Live album by America
- Released: July 1985
- Recorded: June 1, 1985
- Venue: Arlington Theater, Santa Barbara, California
- Genre: Pop, rock
- Length: 33:31
- Label: Capitol
- Producer: Matthew McCauley

America chronology
| Perspective (1984) | In Concert (1985) | Encore: More Greatest Hits (1991) |

= In Concert (1985 America album) =

In Concert is the second official live album by American folk rock duo America, released by Capitol Records in July 1985. This was the sixth and last release by America on the Capitol Records label and was the first America album ever issued on the budding compact disc format. This was America's first album that failed to chart. No singles were released from the album.

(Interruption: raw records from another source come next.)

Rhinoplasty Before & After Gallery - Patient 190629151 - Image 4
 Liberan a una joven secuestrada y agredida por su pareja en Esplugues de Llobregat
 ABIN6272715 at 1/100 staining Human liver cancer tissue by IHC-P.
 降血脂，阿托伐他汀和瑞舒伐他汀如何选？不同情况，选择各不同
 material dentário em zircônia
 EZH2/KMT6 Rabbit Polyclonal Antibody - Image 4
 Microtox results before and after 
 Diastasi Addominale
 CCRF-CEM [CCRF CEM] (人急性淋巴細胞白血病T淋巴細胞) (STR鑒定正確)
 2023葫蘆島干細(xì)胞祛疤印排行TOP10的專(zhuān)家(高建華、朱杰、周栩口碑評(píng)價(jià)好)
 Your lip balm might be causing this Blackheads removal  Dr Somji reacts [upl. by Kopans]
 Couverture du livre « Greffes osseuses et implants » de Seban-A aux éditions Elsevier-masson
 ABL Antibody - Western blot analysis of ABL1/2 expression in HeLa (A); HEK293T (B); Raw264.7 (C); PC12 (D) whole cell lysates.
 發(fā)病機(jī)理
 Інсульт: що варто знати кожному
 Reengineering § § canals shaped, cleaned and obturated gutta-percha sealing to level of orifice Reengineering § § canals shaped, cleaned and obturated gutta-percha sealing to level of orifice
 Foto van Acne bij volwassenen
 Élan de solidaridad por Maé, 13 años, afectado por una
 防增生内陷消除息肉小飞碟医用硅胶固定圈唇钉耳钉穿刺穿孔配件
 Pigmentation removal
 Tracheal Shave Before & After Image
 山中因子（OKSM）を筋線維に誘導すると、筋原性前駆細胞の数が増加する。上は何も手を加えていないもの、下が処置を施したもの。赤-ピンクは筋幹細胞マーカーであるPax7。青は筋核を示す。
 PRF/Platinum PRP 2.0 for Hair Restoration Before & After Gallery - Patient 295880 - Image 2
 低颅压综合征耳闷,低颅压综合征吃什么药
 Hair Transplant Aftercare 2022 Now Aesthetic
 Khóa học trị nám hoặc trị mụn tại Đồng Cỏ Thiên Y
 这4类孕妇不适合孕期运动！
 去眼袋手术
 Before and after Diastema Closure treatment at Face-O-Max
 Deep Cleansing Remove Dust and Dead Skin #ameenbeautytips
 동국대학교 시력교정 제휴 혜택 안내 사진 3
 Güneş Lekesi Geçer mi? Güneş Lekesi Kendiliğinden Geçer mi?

Fans present at the actual performance at the Arlington Theater have claimed that additional songs performed by the group, but not included on the final release, included "Sandman," "Never Be Lonely," "Can't Fall Asleep To A Lullaby", and "Old Man Took."

Professional ratings
Review scores
| Source | Rating |
| AllMusic |  |

==Track listing==
1. "Tin Man" (Dewey Bunnell, Lee Bunnell) (3:30)
2. "I Need You" (Gerry Beckley) (2:25)
3. "The Border" (Russ Ballard, Bunnell) (3:54)
4. "Sister Golden Hair" (Beckley) (3:12)
5. "Company" (Bunnell) (3:28)
6. "You Can Do Magic" (Ballard) (3:56)
7. "Ventura Highway" (Bunnell) (3:25)
8. "Daisy Jane" (Beckley) (2:57)
9. "A Horse with No Name" (Bunnell) (3:52)
10. "Survival" (Beckley) (3:00)

==Reissues==
A number of America CDs have been issued which recycle material from this particular concert recording, including the following:

- Ventura Highway & Other Favorites (1992)
- You Can Do Magic (1996)
- Premium Gold Collection (1996)
- Centenary Collection (1996)
- The Legendary America (1998)
- The Best of America (1999)
- Hits You Remember Live (2001)
- Live at Santa Barbara (2001)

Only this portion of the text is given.